Victoire ! Yanis Varoufakis sent un vent de révolution se lever dans l’enceinte de Bercy. « C’est tout juste si Michel ne m’a pas attrapé la main pour qu’on aille prendre la Bastille en chantant la Marseillaise », raconte-t-il avec une pointe d’ironie.

Mais l’atmosphère va rapidement changer et le souffle révolutionnaire retomber. Dans le couloir qui mène à la salle de presse, le locataire de Bercy avertit son homologue que Berlin, avec qui il est en contact, n’a pas du tout apprécié que les Grecs viennent à Paris sans passer par la capitale allemande. Une faute que Michel Sapin lui conseille de réparer au plus vite. « Allez-les voir », lui dicte le Français, avec une petite tape dans le dos.

Deux pupitres côte à côte, placés devant les drapeaux français, grec et européen, les attendent dans la salle de presse. Le ministre français parle le premier et souhaite la bienvenue à son nouvel homologue, tout en reconnaissant les sacrifices énormes consentis par le peuple grec. Et tout d’un coup, plus aucune trace de jovialité et de camaraderie. Yanis Varoufakis croit entendre une voix venue d’outre-Rhin : « obligations à l’égard des créanciers », « discipline », Michel Sapin rappelle les Grecs à leurs devoirs et balaie tout espoir de changements significatifs dans l’accord qui lie Athènes à la Troïka (Commission, BCE et FMI). Pour le ministre grec, c’est un véritable « coup dans l’estomac ».

Yanis, vous devez comprendre une chose. La France n’est plus ce qu’elle était

Sitôt sorti de la salle, le locataire de Bercy remet le masque du sympathique « cousin, que l’on n’a pas vu depuis longtemps », en prenant la main de Varoufakis. Ce dernier l’interroge : « Mais qui êtes-vous, qu’avez-vous fait à mon Michel ? »  Cette fois, le Français comprend sans avoir besoin de traduction. Et lui répond « Yanis, vous devez comprendre une chose. La France n’est plus ce qu’elle était. »

Un aveu terrible qui, dans les mois qui suivent, sera étayé par de nombreuses preuves. Les dirigeants français (à l’exception d’Emmanuel Macron, le seul qui trouvera grâce aux yeux du Grec) ne veulent prendre aucun risque et certainement pas abîmer leur crédibilité en soutenant un gouvernement de Gauche radicale, alors qu’ils jouent eux-mêmes gros dans cette partie: Paris sait qu’il est dans le viseur de Berlin et de la Commission sur les questions de discipline budgétaire.

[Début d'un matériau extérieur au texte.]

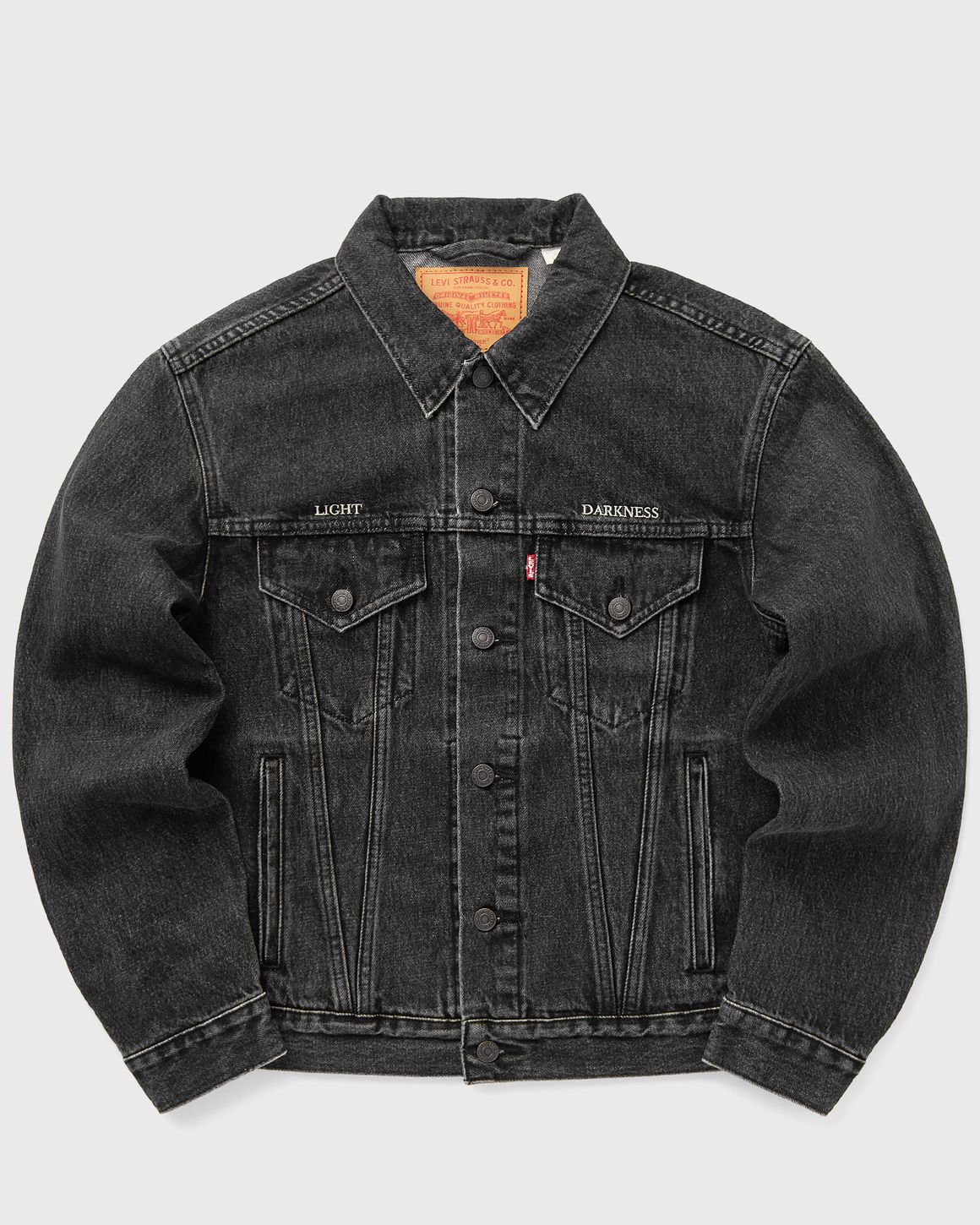 Levis X UNDERCOVER TYPE III TRUCKER Black | BSTN Store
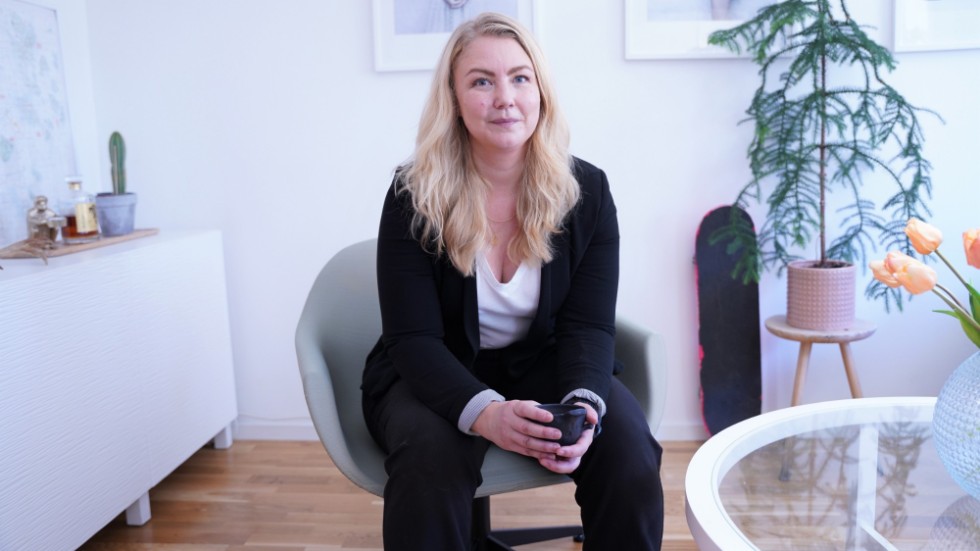 "Det är jättespännande att kunna producera våra egna möbler för den skandinaviska marknaden. Vi har fått väldigt bra respons", säger Johanna Vesterberg.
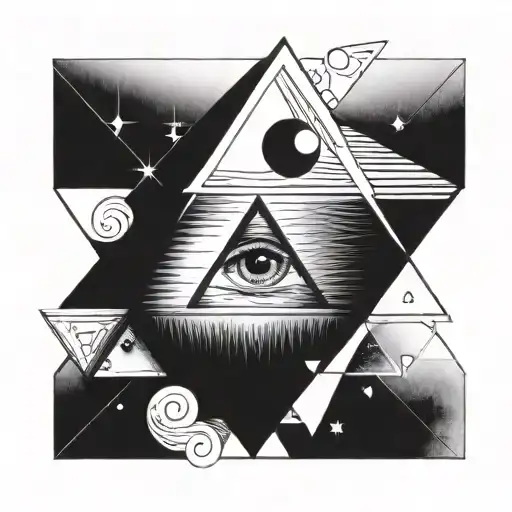 Eye Triangle Space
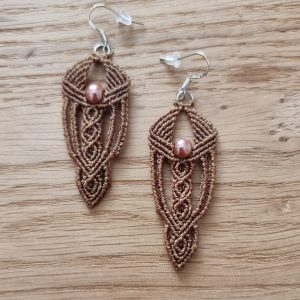 Boucles d’oreilles « Awena »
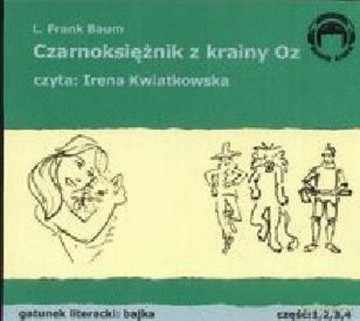 Czarnoksiężnik Z Krainy Oz - Frank Baum [AUDIOBOOK] [CD]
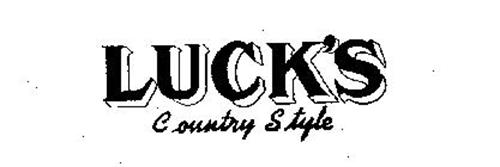 LUCK'S COUNTRY STYLE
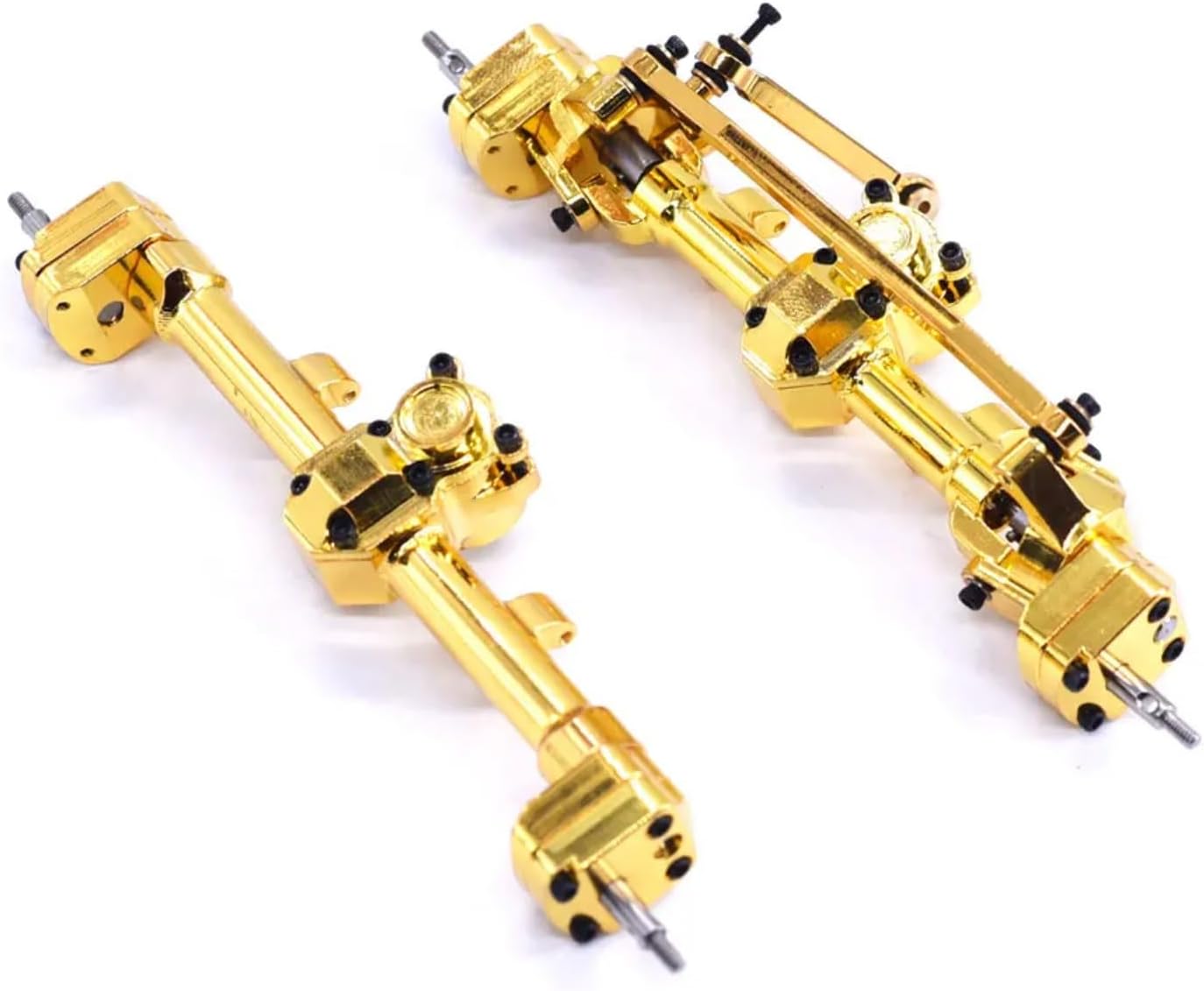 RC Car Parts for Axial for SCX24 1/24 RC Car Upgrade Parts Spare Accessories Front Rear Portal Axle Modified Parts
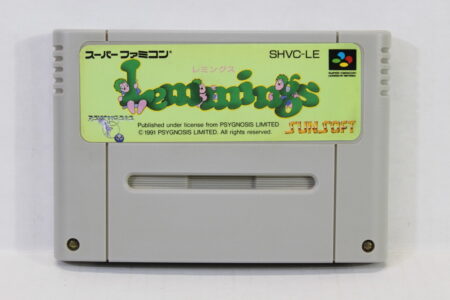 Lemmings (B) Nintendo Super Famicom SFC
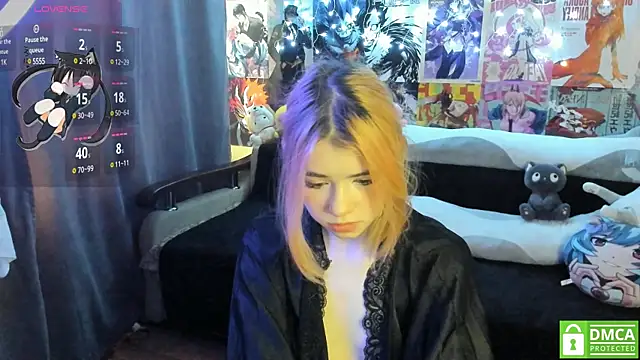 Snapshot of YumikoMori chatting on February 26, 2025, 11:20 am YumikoMori online show from February 26, 2025, 11:20 am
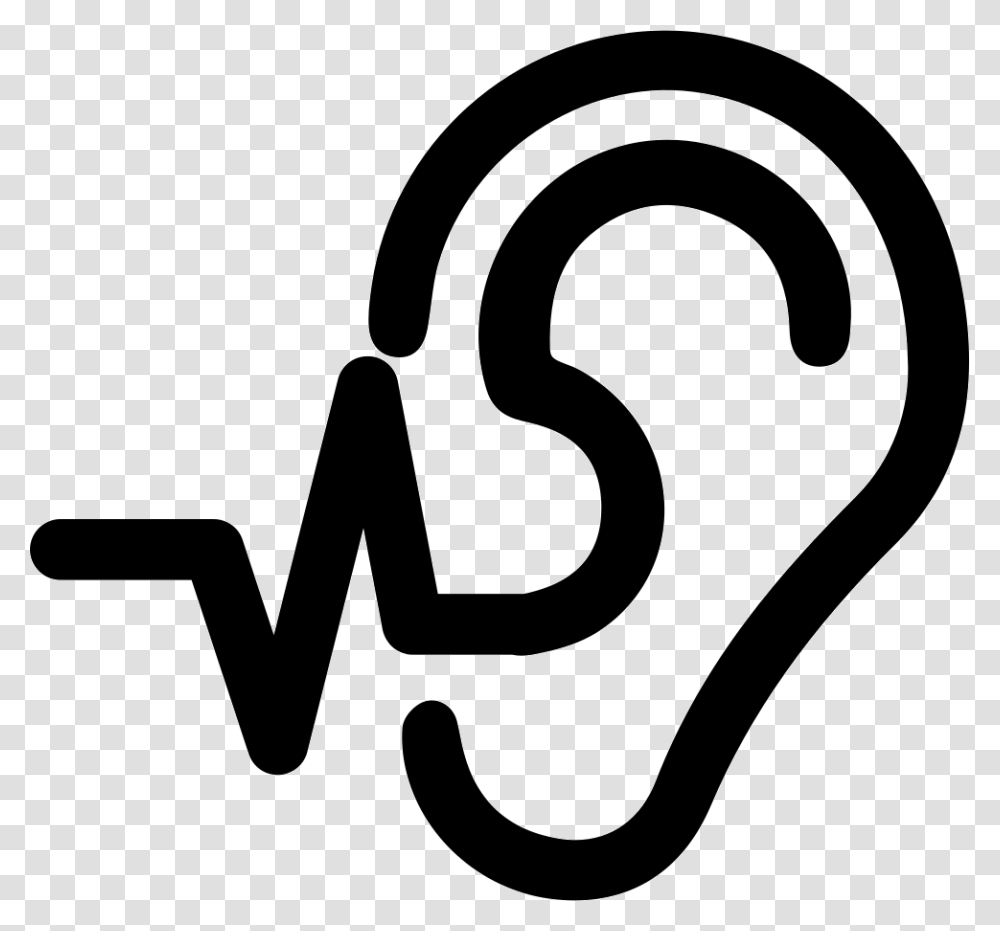 Operating Ear Low Frequency Ear Icon, Label, Logo Transparent Png
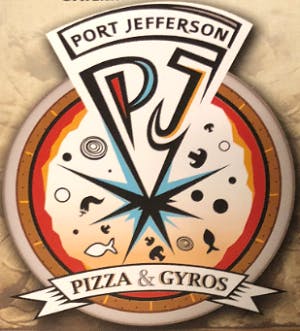 Port Jeff Pizza Logo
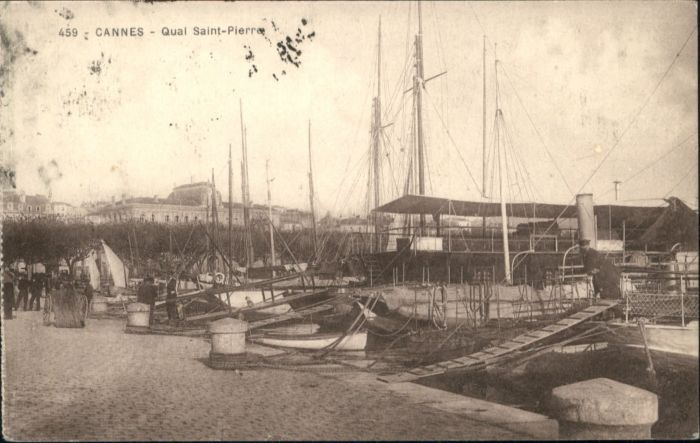 Cannes Alpes-Maritimes Cannes Quai Saint-Pierre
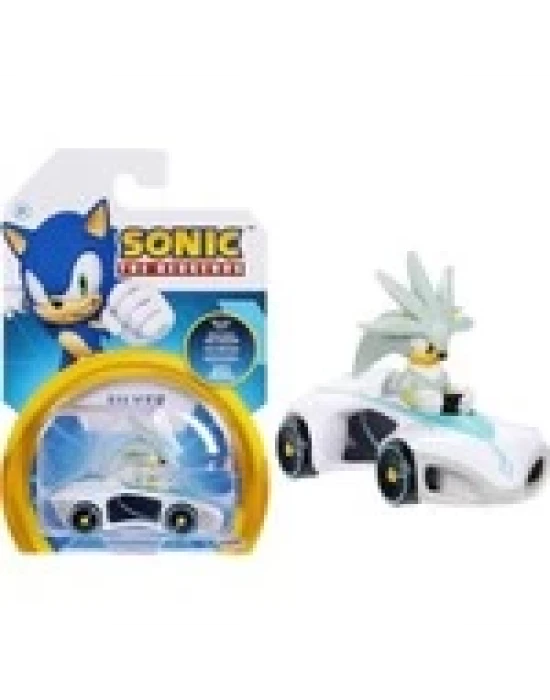 Sonic Tekli Araba S7 -Silver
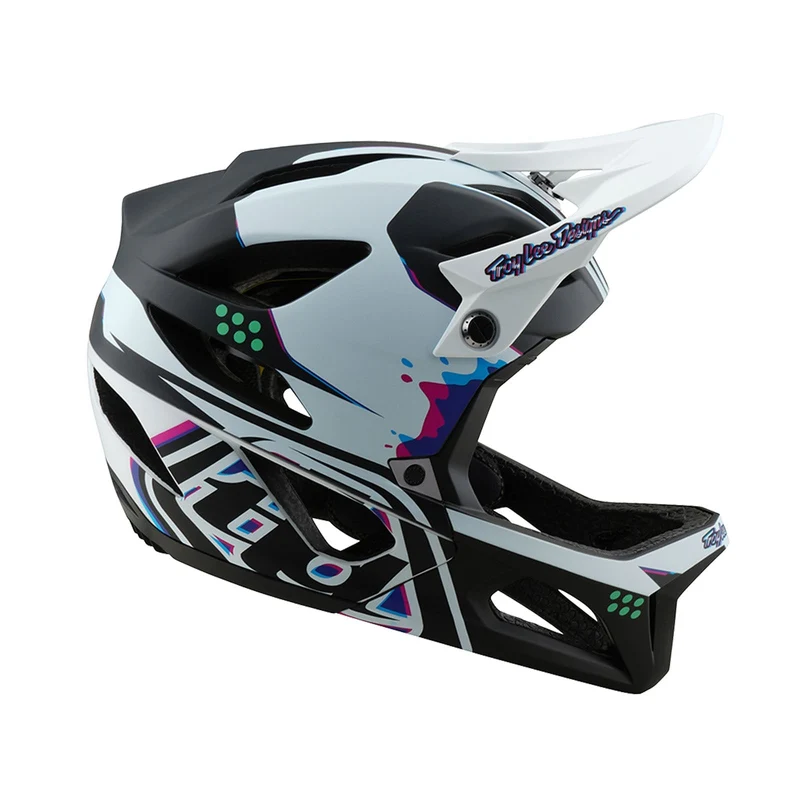 Stage Helmet W/MIPS Trooper White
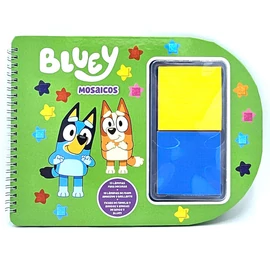 Bluey mozaik füzet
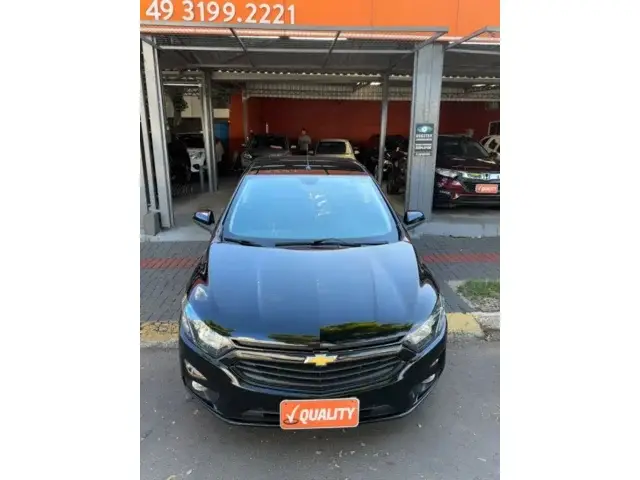 Carro Chevrolet Onix 2018 1.4 LTZ SPE/4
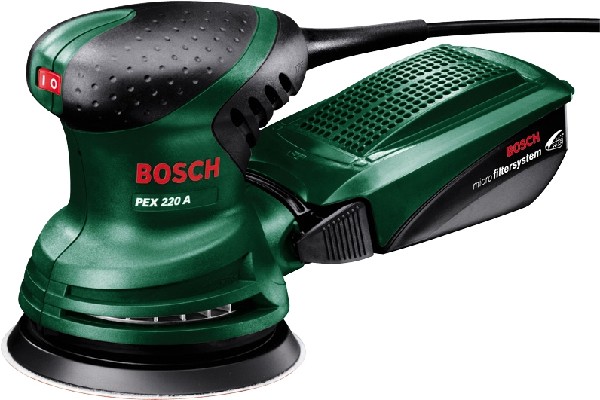Bosch - Exzenterschleifer PEX 220 A   grün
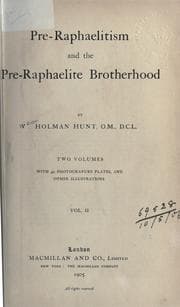 Tapa de Pre-Raphaelitism and the pre-Raphaelite brotherhood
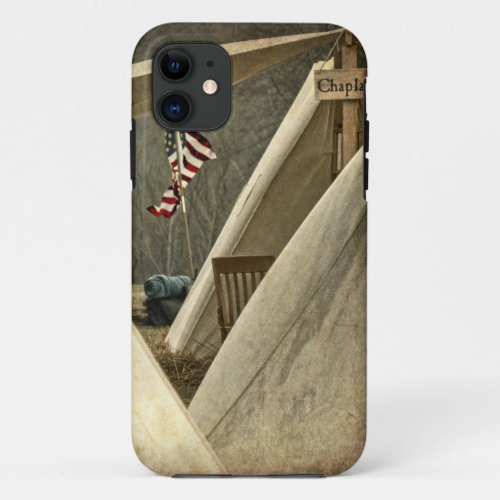 Army Chaplain iPhone 11 Case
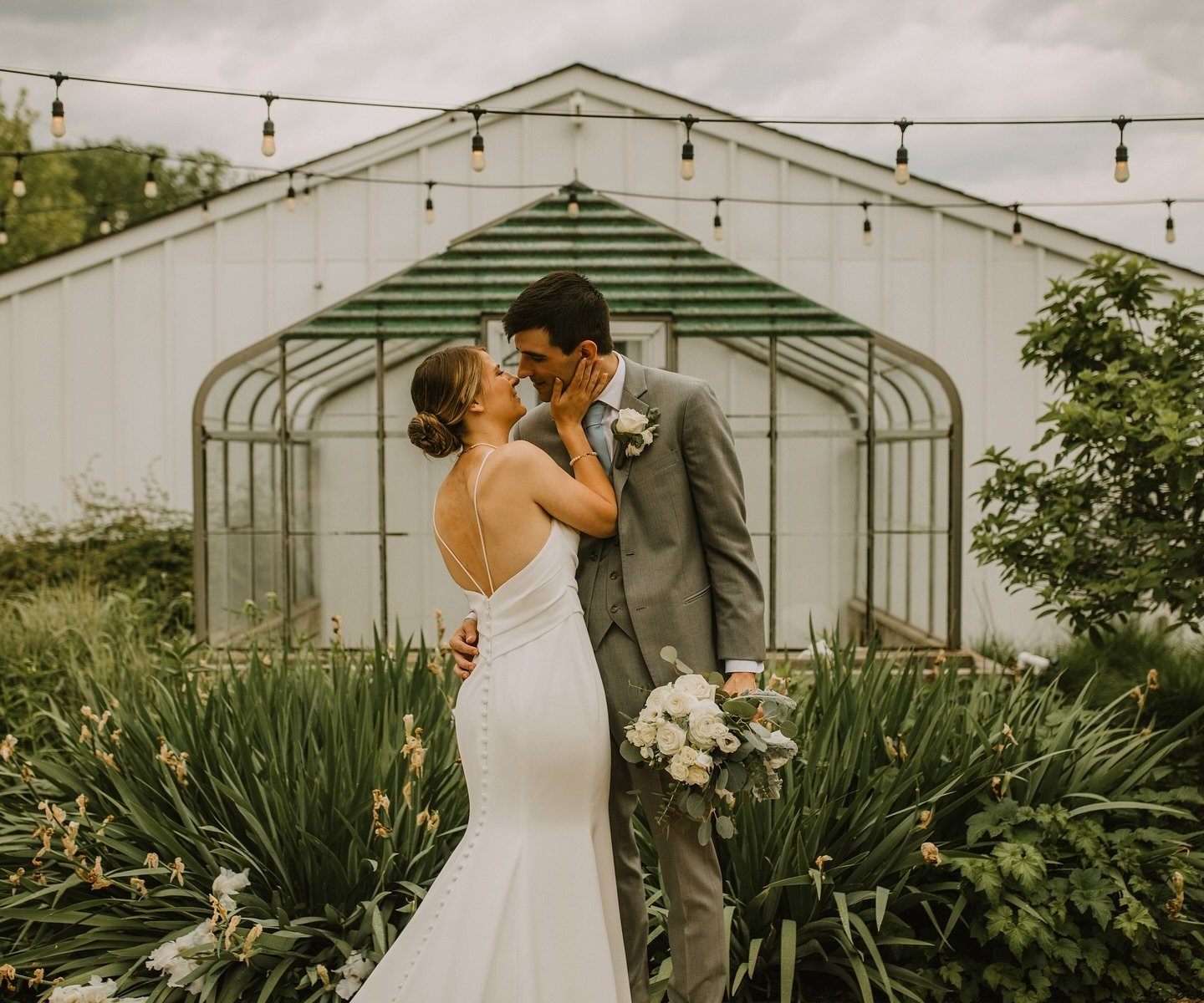 Kaitlyn &amp; Logan lucked out on Friday with the rain stopping at all the perfect times 🤍 it was a gorgeous day and we loved capturing all of these sweet moments!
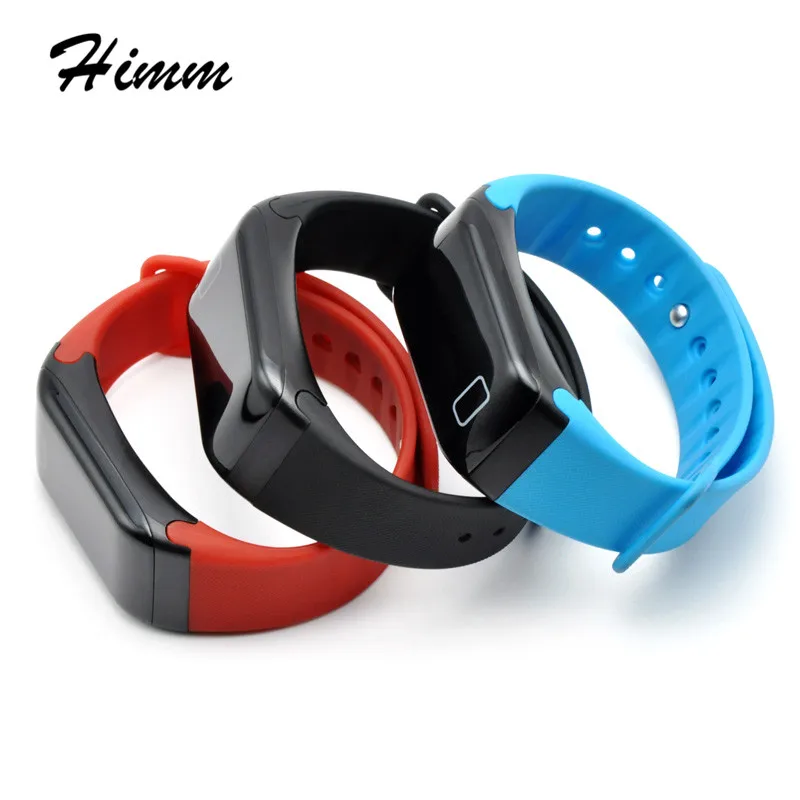HIMM blood Pressure F1 Smart Bracelet Watch Heart Rate Monitor Smart Band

Dans l’ascenseur, Michel Sapin confie à Varoufakis qu’il n’a pas fait d’études d’économie. «Savez-vous quel était le sujet de ma thèse? L’histoire de la monnaie ancienne d’Egine». Grand sourire de l’Enarque. Enfin, au moment où la petite délégation athénienne s’apprête à sortir, le ministre s’élance vers eux pour leur livrer un précieux enseignement: comment nouer une cravate à la française.

LA MECANIQUE IMPITOYABLE DE L’EUROGROUPE

L’Eurogroupe du 11 février 2015 est le premier sommet du nouveau ministre grec. Il le sait, c’est le rendez-vous de tous les possibles et de tous les dangers. Yanis Varoufakis, à qui les Grecs ont confié la mission de renégocier l’accord avec la Troïka, l’a préparé en allant présenter son plan pour la Grèce à un certain nombre de ministres des Finances européens.

«L’Eurogoupe est une créature intéressante. Il n’a aucune base légale dans les traités européens et pourtant c’est le lieu où sont prises les décisions les plus cruciales pour l’Europe», analyse le nouveau venu. A quoi ressemble une réunion de cette instance si peu connue du grand public? Yanis Varoufakis explique que tout se passe autour d’une «immense table rectangulaire» et que les ministres des Finances, chacun accompagnés d’un conseiller, s’installent de part et d’autre de la table.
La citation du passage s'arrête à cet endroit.